Awards preview: corporate team of the year

On 22 June, 1400 people will crowd into the Grosvenor House Hotel on Park Lane for the most eagerly-awaited event of the year. With only one week to go, The Lawyer brings you a sneak preview of the shortlisted individuals and teams

Freshfields Bruckhaus Deringer

This three-in-one restructuring deal for Invensys saved the automation and controls group from certain demise. To repair a balance sheet groaning with debt, much of which was just about to mature, a £2.7bn package was constructed, including an open offer, a bond issue and a syndicated bank facility. Freshfields’ team, led by finance partner Edward Evans and corporate partner Ben Spiers, had a race against time to help put together the three inter-conditional strands to the refinancing within a two-month period.
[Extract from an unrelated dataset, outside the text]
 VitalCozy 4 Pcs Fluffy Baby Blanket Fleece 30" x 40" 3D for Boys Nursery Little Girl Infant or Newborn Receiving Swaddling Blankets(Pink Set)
Fried Frank Harris Shriver & Jacobson

Fried Frank was plunged in at the deep end on its first corporate deal for NTL. It arranged a $1.4bn (£764.2m) rights issue, the year’s largest US Securities and Exchange Commission equity offering by a European company, and one of the biggest capital-raising exercises of a company with a primary US listing, over the past decade. With just a matter of weeks to get to know the intricacies of NTL, Fried Frank’s transatlantic team, led by restructuring group head Brad Eric Scheler and corporate partner Jeffrey Bagner, pulled it off. The firm was also heavily involved in the subsequent notes offering, including an innovative debt structure allowing NTL, through the ring-fencing of the company’s mast business, wider flexibility for future capitalisation.
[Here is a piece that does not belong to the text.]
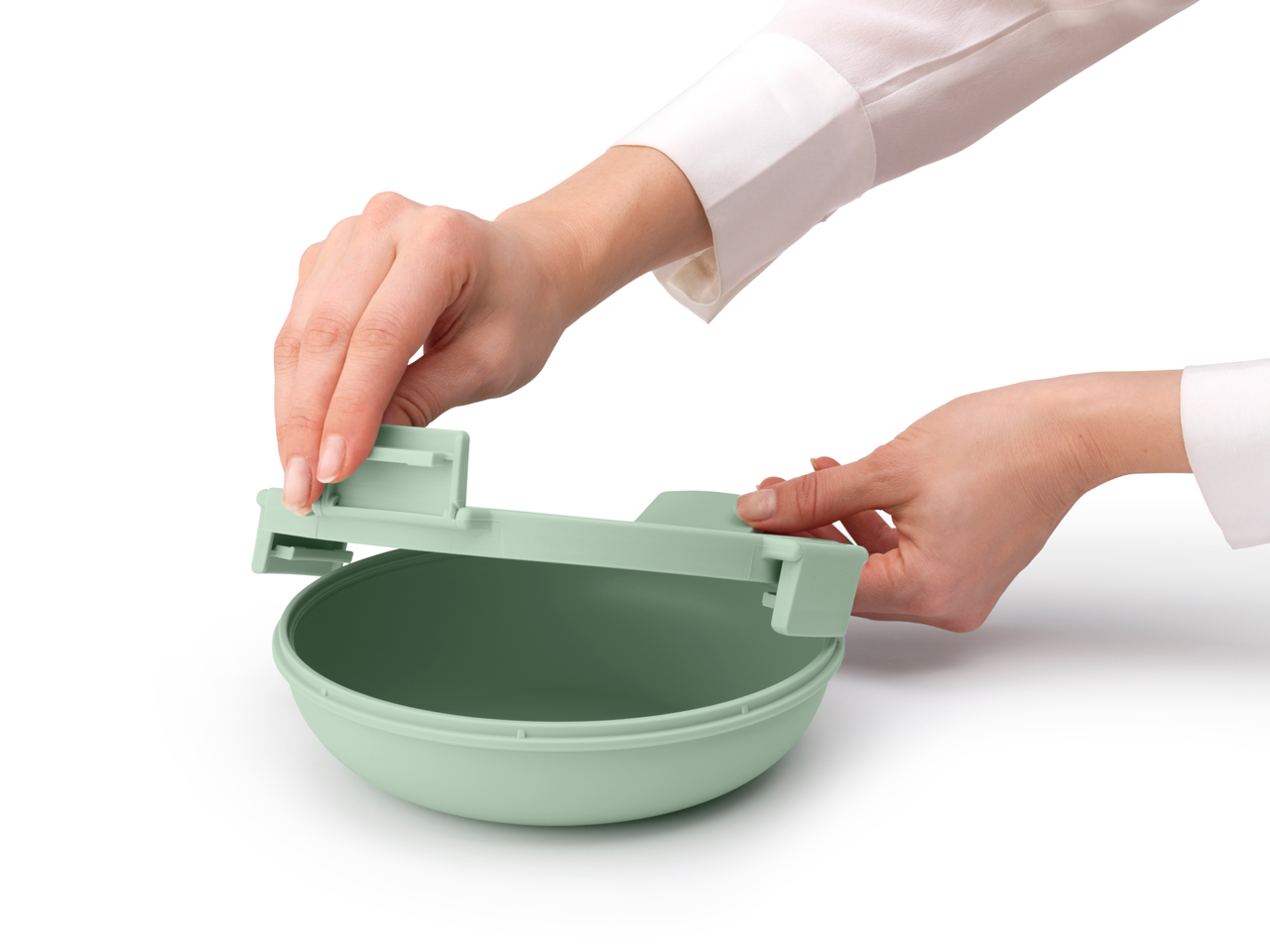 Miska na sałatkę Make & Take Brabantia  – szczelna, pojemna 1 L, do mikrofalówki, zamrażarki i zmywarki, idealna do pracy i szkoły, kolor: zielony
Hammonds’ concerted push into Europe over the past three years enabled the firm to complete the joint acquisition of Germany’s Grundig. Following Grundig’s insolvency last year, Hammonds, on behalf of the UK’s Alba and Turkey’s Beko Elektronik, was charged with negotiating with administrators across 14 jurisdictions. The year-long transaction required Hammonds to deal with a plethora of separate inter-creditor agreements while helping its clients to edge closer to the final purchase. Thrown in for good measure was a range of antitrust hurdles that the nine-strong team, led by Birmingham-based corporate partner David Hull, overcame, achieving clearance for the e90m (£59.6m) deal.

Norton Rose

A triumphant turn by Norton Rose saw the firm handle one of the most complex reorganisations of 2003. The restructuring of Drax’s seemingly insurmountable £1.3bn debt mountain involved corporate partners Laurence Levy and Mark Bankes’s team negotiating with a huge number of different parties to satisfy each of their interests. As a former adviser to the company, Norton Rose re-entered the fray in August just days before US parent company AES Corp exited the already advanced transaction. With the end of 2003 slated as the completion date, Norton Rose worked to finalise the scheme of arrangement, in between which the firm managed an ultimately failed auction to put in place a deal which saved the investors and the company itself.

Travers Smith Braithwaite

In a deal that defies categorisation, Travers’ role as adviser to the UK settlement agency CRESTCo exemplified its cross-practice strengths in corporate, finance, contractual, regulatory and legislative law. Travers drove CRESTCo’s transition from a century-old, paper-based money market to an electronic-based system trading in short-term bonds in just four years. Given the size of the transaction, Travers’ team comprised just five lawyers, led by partner Mark Evans, who dematerialised a money market worth £160bn annually. Following consultations with the Treasury and various City regulators, Travers executed the final stage of the deal, the migration of paper to electronic securities, in four ‘mini-bang’ phases at the end of 2003.

Weil Gotshal & Manges

It would be easy to assume that, after acting for private equity-backed directories business Yell on its first abortive flotation in 2002, a second attempt would be a breeze. Not so. For Weil Gotshal’s London office the second trip to the London Stock Exchange for Yell involved not only the £2bn float, but a complete restructuring of the company and a refinancing, which were all completed in just three and a half weeks. A core team of 25 Weil Gotshal lawyers undertook the restructuring, which involved dealing with complex tax issues in three jurisdictions, spanning the UK, the US and Germany. The result? Renewed confidence for private equity houses to exit investments via a stock exchange.